PPC Tips – Part 2

PPC – Pay per Click

  • From the list of most convertible keywords you get from your PPC campaign, run a manual deep link building campaign using the highest performing keywords including volume and conversion rate. Not only does this improves the Quality Score but also gives a boost to the organic SEO ranking results for the coming months.
  • Use dynamic keyword insertions to target a wider array of keywords with the help of single ad copy and let the search engine place your keywords into your ad depending upon the query supplied by the user. Remember always that the ad title can expand past the 25 character limit and AdWords will accept it as long as the default text remains at 25 characters or less.
  • While most people understand that SEO & PPC are two of the most important pillars of any Internet Marketing Campaign, many people also tend to take SEO as a substitute for PPC. But in an ideal scenario, SEO & PPC should go hand in hand with each other for a successful Internet Marketing campaign.

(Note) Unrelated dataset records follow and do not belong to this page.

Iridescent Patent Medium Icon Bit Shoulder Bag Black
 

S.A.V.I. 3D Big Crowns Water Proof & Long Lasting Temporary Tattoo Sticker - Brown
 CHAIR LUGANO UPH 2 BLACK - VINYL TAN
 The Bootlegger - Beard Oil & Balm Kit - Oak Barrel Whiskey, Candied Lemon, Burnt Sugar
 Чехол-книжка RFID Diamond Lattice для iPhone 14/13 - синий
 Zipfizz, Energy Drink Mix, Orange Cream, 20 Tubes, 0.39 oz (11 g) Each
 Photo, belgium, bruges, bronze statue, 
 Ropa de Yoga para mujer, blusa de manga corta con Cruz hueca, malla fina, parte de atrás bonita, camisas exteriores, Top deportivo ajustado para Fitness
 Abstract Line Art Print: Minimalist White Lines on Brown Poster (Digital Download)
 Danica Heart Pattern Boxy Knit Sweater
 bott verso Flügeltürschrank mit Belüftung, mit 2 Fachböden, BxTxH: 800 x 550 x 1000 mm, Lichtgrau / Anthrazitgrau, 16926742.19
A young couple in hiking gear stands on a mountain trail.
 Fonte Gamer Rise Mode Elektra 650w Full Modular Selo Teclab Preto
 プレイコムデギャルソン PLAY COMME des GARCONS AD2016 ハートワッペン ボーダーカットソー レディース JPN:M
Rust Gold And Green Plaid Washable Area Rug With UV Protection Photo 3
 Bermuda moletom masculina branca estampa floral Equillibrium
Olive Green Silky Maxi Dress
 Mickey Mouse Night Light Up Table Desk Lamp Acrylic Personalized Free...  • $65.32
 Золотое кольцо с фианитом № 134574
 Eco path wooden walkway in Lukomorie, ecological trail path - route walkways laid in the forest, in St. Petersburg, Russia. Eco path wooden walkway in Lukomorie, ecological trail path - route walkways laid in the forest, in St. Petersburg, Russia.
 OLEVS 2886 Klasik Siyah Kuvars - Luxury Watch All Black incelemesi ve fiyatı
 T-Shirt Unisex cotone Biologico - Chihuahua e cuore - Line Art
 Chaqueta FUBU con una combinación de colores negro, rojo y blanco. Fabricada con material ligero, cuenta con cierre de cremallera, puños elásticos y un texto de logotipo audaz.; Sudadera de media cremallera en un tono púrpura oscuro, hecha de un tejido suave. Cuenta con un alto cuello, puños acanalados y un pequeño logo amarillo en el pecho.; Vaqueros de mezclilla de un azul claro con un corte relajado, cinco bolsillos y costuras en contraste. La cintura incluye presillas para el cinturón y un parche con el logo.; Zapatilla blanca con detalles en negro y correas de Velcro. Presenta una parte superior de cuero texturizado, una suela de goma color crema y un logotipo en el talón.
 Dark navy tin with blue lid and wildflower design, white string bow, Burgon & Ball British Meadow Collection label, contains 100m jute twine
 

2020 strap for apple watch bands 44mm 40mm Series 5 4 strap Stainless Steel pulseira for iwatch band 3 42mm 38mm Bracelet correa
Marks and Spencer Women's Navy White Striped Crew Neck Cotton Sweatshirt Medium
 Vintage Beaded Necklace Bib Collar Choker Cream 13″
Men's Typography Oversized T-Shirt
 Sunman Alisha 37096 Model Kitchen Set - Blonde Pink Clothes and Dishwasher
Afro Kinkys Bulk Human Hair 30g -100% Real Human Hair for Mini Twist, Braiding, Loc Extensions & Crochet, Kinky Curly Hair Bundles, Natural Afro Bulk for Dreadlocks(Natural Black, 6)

  • PPC can not only do wonders to your sales, but it is also an excellent keyword research tool. You can do a comprehensive keyword analysis according to the website demographics. It can also be quite useful to determine and evaluate the typo conversion data. While it’s easy to rank for typos, with the help of the PPC tool you can take decisions based on the facts that which typos are most likely to convert into a sale. You will be surprised to know how well few typos tend to convert.
  • Conversion tracking is a must for all PPC campaigns. If you have never set up goals, please go do it now. After you setup the conversion tracking, you can track the user’s activity on your page. It could be a sale, a form submit, a request for more information, an ad click or a new RSS subscription. When you define your goal, analytics lets you track that goal just like a PPC conversion for all traffic and not just PPC traffic.
  • Splitting your keywords into smaller more targeted Ad groups is an effective ploy to increase your Ad Quality Score. To do so, Google Adwords is a handy editor to group keywords into 15 groups of 20 related keywords. For example: buy old books, exchange old books, what are old books, buy old books online etc.
  • A very important point to keep in mind with pay per click is you must test, test, and test some more. Don’t start off with a major investment. Start with the minimum and see how the search engine performs in terms of the traffic it delivers and how well that traffic converts into paying customers. An essential part of your testing is having a method in place that allows you to track your return on money invested. For example, if your goal is to bring in new subscribers to your newsletter, you could direct visitors arriving from your pay per click link to a subscription form set up just for them. You can then monitor how many clicks actually result in a new subscription. As such, you will know how much you are paying for each new subscriber.
  • There are a lot of advantages of using PPC such as Google Adwords, but also consider diversifying your campaigns. Remember that you are not “buying a link”, but you are displaying an advertisement. PPC is not SEO because it is “paid advertising”, but it can compliment your SEO work nicely as long as you are measuring the exact results and determine your cost per click and cost per lead.
  • In order to have a strong PPC campaign, aim at thousands of keywords and not just hundreds. Your competitor may be able to beat you on bid price, but you can beat them for free on keyword volume.
  • If you can’t afford more than 7 cents per click, don’t bid higher. There are always more targeted keywords to be found. And remember, even if you aren’t on the first page, you will still get clicks. Perhaps, not as often…but you will still get clicks even if you are 3 pages in, especially on frequently searched phrases.